With that flat-hat he practically sleeps in, this chewy cigar aggression and a tendency to go completely ape-shit, Ashby pits Buddusky against the beautiful winter dreariness of America-from-a-train across Washington and New York and The Man's omnipresence. Buddusky's first full sentence to a whiny Navy answer-boy, all the while rubbing is nose into face and swishing and spitting from a libation in the throes of a mild hangover, is "Tell MAA to go fuck himself." He's being ordered alongside the more reserved "Mule" Muhall (Young) to do "chicken shit detail," forced to take a wimpy Navy kid all the way to jail for gripping $40 on naval grounds from the chief's wife's Polio charity box. Big whup. But kid's in for eight years, where he'll be a slow-to-react toy made of baby-fat for the Marines to bully, or as they're politely nicknamed, "the fucking grunts."

Instead of Dupea's dilemma with the depression of the world, Buddusky's contentment as "a lifer" is handcuffed to the dilemma of a lesser man caught up by the world he's, for the good part, got by the balls. Life isn't hunky-dory, and Buddusky kind of likes it that way: up for scuffles, downing beer cans and the occasional Heineken (re: Kennedy used to drink it .), and devouring 50-cent New York Italian sausage sandwiches. It's the little details, keep life low maintenance and maintained (he's happy serving in the Navy).

In Five Easy Pieces, Dupea slide-arms everything off a diner's table when he can't get toast from an exhausted waitress (he doesn't end up getting toast). Buddusky commands Meadows (Quaid playing the convict) to get his damn cheese melted on his burger - give life a sample of strong-arm and keep calm. Yet, when a racist bartender refuses to serve an underage Meadows and has the gall to simply degrade Mule with a "...you know" nod to Bad Ass, shit's ugly:

[Pulling out a pistol and slamming it on the bar.] "I am the motherfucking shore patrol motherfucker...give this man a beer!" Meadows doesn't end up getting a beer at the bar, instead, the gang just goes on a run for cheap sixers and lays up in a motel room, which gets a bit trashed.

"Let me tell you about a kid like Meadows, he's the kind of guy who's going to the brig and secretly he's glad." The world in Detail is as foreboding, unforgiving and bare-tree-scarce as the one in Milos Foreman's One Flew Over the Cuckoo's Nest. And Meadows is just another clueless motherfucker, a calf going to slaughter.
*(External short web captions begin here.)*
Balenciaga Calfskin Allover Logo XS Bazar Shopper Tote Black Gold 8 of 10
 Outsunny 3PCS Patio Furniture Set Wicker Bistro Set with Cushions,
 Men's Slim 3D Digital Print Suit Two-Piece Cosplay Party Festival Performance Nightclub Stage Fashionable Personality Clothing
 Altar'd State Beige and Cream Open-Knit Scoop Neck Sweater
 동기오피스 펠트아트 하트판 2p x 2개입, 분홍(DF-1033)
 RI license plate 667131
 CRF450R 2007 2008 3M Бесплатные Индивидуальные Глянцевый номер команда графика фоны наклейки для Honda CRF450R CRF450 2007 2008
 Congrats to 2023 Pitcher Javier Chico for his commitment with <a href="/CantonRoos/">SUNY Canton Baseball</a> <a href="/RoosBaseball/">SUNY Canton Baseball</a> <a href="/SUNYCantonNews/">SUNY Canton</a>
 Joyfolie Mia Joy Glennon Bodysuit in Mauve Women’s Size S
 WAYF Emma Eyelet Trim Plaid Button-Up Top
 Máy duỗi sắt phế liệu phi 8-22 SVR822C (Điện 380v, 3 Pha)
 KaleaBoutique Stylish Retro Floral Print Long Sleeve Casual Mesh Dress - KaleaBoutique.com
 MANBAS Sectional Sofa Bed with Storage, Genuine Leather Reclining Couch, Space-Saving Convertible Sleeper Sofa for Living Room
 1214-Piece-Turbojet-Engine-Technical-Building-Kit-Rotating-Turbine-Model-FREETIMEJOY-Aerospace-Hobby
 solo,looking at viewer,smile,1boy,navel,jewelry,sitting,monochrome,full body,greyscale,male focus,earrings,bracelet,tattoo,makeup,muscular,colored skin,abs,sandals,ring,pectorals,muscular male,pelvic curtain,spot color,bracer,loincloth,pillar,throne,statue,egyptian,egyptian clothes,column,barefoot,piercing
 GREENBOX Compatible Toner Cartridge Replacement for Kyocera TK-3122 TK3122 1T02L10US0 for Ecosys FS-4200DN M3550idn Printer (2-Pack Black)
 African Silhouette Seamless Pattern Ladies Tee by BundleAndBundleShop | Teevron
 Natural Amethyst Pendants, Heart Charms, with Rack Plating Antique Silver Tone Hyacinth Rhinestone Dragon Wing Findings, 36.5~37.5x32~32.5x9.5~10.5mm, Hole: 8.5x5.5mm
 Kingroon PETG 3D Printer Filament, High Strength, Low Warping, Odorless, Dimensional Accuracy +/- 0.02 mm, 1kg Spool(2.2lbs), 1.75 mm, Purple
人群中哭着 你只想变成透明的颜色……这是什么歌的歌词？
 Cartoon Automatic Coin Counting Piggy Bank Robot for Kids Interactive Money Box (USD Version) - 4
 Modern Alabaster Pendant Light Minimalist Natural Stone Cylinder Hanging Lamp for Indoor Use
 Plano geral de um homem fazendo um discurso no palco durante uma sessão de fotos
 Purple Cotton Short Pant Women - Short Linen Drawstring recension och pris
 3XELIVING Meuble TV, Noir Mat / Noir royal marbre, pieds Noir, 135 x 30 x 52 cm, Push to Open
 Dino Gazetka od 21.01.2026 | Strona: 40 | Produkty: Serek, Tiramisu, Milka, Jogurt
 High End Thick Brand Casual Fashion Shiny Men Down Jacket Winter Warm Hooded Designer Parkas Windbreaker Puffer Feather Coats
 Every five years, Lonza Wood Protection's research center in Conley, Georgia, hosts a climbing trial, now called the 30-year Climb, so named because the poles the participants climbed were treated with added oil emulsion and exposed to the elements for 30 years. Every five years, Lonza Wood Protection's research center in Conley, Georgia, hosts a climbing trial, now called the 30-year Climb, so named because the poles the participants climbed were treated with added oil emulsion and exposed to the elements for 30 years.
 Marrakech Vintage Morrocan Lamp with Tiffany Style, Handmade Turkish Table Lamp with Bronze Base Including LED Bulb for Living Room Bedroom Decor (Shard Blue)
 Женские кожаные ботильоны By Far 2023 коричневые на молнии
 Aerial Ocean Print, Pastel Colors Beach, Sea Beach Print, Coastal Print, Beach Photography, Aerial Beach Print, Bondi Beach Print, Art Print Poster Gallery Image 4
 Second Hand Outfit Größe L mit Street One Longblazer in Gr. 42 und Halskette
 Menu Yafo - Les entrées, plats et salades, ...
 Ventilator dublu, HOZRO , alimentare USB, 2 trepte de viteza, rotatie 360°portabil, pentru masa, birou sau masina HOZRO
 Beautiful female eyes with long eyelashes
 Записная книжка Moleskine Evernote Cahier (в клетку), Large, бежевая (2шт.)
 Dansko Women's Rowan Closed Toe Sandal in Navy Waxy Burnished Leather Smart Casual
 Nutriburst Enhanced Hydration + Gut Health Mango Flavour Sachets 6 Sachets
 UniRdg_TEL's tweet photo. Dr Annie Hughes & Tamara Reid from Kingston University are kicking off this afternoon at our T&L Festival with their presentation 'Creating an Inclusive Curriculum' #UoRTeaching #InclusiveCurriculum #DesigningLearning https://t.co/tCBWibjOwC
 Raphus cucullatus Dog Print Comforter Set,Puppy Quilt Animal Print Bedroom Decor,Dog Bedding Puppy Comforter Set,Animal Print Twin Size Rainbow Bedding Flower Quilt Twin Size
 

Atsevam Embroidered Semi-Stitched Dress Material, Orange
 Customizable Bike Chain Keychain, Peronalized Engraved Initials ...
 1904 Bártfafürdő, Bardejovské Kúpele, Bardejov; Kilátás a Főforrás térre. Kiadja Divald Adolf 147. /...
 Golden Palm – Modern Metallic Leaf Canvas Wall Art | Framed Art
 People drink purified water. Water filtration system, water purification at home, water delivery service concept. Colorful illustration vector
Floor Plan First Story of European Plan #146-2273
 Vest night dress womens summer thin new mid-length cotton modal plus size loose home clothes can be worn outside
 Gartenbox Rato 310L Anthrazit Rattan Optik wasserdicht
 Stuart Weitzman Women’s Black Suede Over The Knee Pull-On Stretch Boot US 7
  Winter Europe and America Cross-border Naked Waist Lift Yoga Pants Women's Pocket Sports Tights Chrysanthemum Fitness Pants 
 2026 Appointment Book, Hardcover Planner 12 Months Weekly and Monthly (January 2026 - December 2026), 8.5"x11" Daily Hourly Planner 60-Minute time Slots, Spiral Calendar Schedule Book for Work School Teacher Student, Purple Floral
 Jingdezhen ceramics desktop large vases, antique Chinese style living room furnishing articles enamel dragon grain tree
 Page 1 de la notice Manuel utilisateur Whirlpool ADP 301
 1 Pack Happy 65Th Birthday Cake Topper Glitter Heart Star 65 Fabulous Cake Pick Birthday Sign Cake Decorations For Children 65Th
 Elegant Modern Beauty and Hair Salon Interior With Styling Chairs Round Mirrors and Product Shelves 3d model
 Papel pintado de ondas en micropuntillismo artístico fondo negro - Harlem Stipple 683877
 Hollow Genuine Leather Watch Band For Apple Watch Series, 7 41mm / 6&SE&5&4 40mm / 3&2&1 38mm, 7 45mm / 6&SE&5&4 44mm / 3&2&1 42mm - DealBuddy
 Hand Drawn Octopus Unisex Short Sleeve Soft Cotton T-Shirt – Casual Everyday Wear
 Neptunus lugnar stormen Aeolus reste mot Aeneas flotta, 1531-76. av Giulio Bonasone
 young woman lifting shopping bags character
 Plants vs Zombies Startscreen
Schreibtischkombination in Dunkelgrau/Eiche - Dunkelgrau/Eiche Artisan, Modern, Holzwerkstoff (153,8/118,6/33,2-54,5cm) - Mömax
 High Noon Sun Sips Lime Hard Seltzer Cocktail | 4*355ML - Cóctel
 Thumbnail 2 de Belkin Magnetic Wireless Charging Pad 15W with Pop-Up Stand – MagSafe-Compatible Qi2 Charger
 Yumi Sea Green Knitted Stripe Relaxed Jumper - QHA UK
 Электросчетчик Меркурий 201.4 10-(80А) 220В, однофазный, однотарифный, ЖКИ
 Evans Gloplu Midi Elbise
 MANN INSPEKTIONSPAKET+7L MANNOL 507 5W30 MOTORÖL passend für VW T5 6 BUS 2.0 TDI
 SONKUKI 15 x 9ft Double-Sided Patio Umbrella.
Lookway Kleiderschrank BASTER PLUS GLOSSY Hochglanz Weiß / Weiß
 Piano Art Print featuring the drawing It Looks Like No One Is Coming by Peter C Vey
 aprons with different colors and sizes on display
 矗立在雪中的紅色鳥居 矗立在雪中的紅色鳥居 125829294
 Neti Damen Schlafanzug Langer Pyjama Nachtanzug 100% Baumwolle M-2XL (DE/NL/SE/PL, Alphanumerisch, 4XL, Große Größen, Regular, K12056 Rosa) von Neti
It eats at Buddusky constantly, he's trying to teach this kid the ropes, get him laid twice (by aforementioned zany preggers mom, God bless 'er), take him ice-skating in Times Square while he stares down the metropolitan broads and freaks, but the end is the end.

Combing his thinning hair in a motel mirror like wet clockwork with two tidy, designated brushes to the 'stache, Buddusky knows the deal, has made a deal with the deal (unlike Cuckoo 's Randle McMurphy), and knows he's a lucky sonuvabitch not only to possess the stomach for it, but to be just a tad above it all: "I guess we're just a couple of lifers," is his last line, as Mule and Buddusky go their separate ways - kick in: the long impending march-beat of snares - after finally dropping a hesitant Meadows off at the brig. The underbelly immediately swallows the kid up like shadows on a canyon.

There's rumor of a sequel to The Last Detail on the horizon with Morgan Freeman stepping in for Otis Young. Of all these characters, Billy Bad Ass Buddusky could be the easiest to find, same as he ever was - kinda like Jack knowwhaddamean?